Background: Protein phosphorylation is one of the most important Post-translational Modifications (PTMs) occurring at amino acid residues serine (S), threonine (T), and tyrosine (Y). It plays critical roles in protein structure and function predicting. With the development of novel high-throughput sequencing technologies, there are a huge amount of protein sequences being generated and stored in databases.
Objective: It is of great importance in both basic research and drug development to quickly and accurately predict which residues of S, T, or Y can be phosphorylated.
Methods: In order to solve the problem, a novel hybrid deep learning model with a convolutional neural network and bi-directional long short-term memory recurrent neural network (CNN+BLSTM) is proposed for predicting phosphorylation sites in proteins. The model contains a list of layers that transform the input data into an output class, in which the convolution layer captures higher-level abstraction features of amino acid, while the recurrent layer captures long-term dependencies between amino acids to improve predictions. The joint model learns interactions between higher-level features derived from the protein sequence to predict the phosphorylated sites.

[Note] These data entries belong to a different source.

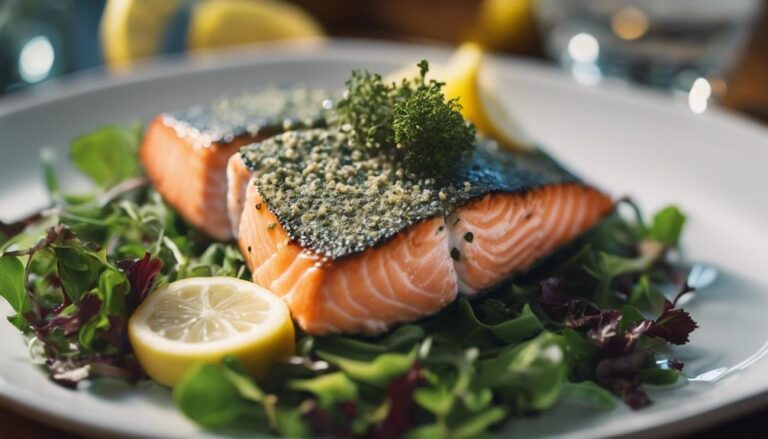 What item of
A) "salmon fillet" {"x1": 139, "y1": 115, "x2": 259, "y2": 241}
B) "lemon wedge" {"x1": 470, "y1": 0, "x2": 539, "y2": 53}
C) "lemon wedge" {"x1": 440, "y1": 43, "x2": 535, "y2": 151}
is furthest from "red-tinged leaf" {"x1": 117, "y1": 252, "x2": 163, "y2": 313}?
"lemon wedge" {"x1": 470, "y1": 0, "x2": 539, "y2": 53}

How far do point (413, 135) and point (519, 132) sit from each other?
978 mm

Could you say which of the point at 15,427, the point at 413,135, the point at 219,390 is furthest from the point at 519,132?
the point at 15,427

Results: We applied our model together with two canonical methods namely iPhos-PseEn and MusiteDeep. A 5-fold cross-validation process indicated that CNN+BLSTM outperforms the two competitors in various evaluation metrics like the area under the receiver operating characteristic and precision-recall curves, the Matthews correlation coefficient, F-measure, accuracy, and so on.
Conclusion: CNN+BLSTM is promising in identifying potential protein phosphorylation for further experimental validation.